My hopes is that the new field cache changes will alleviate memory pressure, causing fewer garbage collection (which might have been our issue as well).

[s1monw]

@tallpsmith thanks for pinging me on this one again. I started looking into this today but it might take until next week to get some results / comments on this. I haven't had this issue on my radar so it's great that you pinged again!

[synhershko]

radar blip

[s1monw]

hey folks,
sorry to come back to this so late. I have worked out a setup where I can reproduce this issue. Unfortunately, this situation can in-fact occur with zen discovery at this point.
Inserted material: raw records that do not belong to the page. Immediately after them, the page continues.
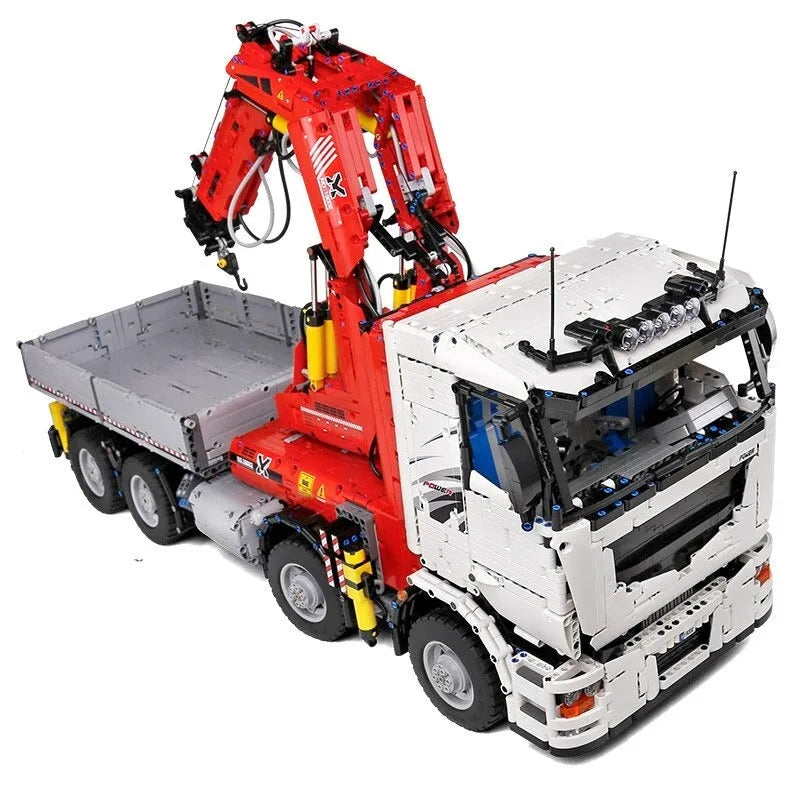 Mould King MOC Motorized Building Block Set: RC City Large Pneumatic Crane Truck, Model 19002
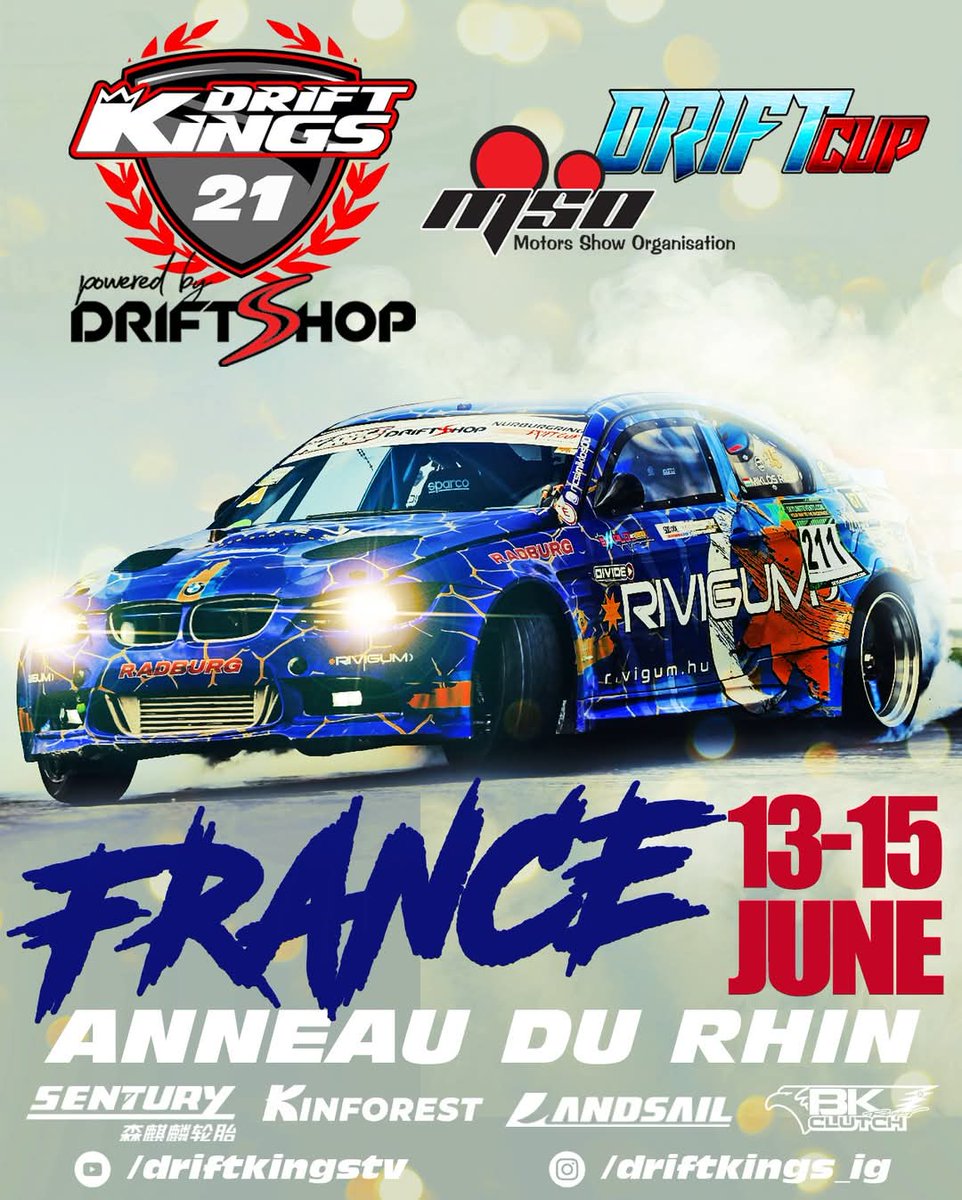 Alright, listen up! 🗣️🇩🇪 Germany was WILD. Now? We're taking the chaos to FRANCE! 🇫🇷

Drift Kings Round 2 is hitting Circuit de l'Anneau du Rhin, June 13-15. We're teaming up with DRIFT CUP MSO for a SICK 3-day drift fest. 🤘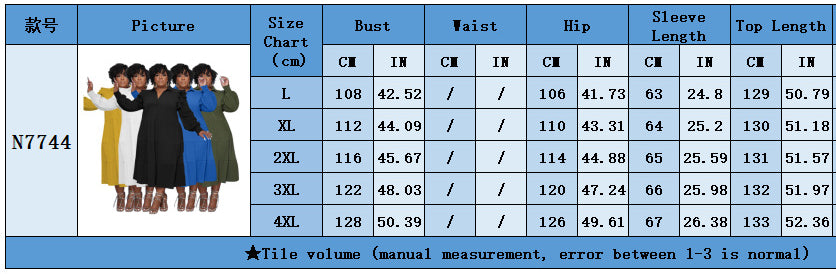 Plus Size Women's Ruffled Shoulder Long Sleeve Layered Swing Dress 16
We are working on a fix for this issue which might take a bit until we have something that can bring a solid solution for this.

[jprante]

Maybe it should be possible to add an alternative (selectable) Leader Election algorithm? For example, Chang-Roberts or Hirschfeld-Sinclair?

[brusic]

Our live cluster experienced the split-brain scenario once again after a node was unresponsive during garbage collection. Plenty of logs if wanted.

[synhershko]

Ivan, how do you connect it to the cluster again - simple restart to that node?

[brusic]

Yes. I didn't have time to identify the problematic node, so I restarted the node I thought was having issues (I choose correctly, I guess I should have played PowerBall after all). One shard (on a different node) was stuck in a RECOVERING state, which I fixed by reducing the number of replicas from 2 to 1 and then increasing the number again.

Simon mentioned that issue is with zen discovery, so I am assuming switching from Multicast to Unicast will not alleviate the problem.

[brusic]

Have I mentioned how serious this problem is? Our production cluster has pretty much gone away. It is like a game of whackomole trying to kill instances that think they are the master.

[fasher]

I agree, this issue is critical please give this priority.
We gone to a single master node in our production to avoid split brains we had in the past that corrupted our index.

[bitsofinfo]

Any update on a timeline for a fix for this?

[XANi]

Any progress on that?

[kimchy]

this is the same issue as #2488, so closing this in favor of the other one. Please comment if you think its different.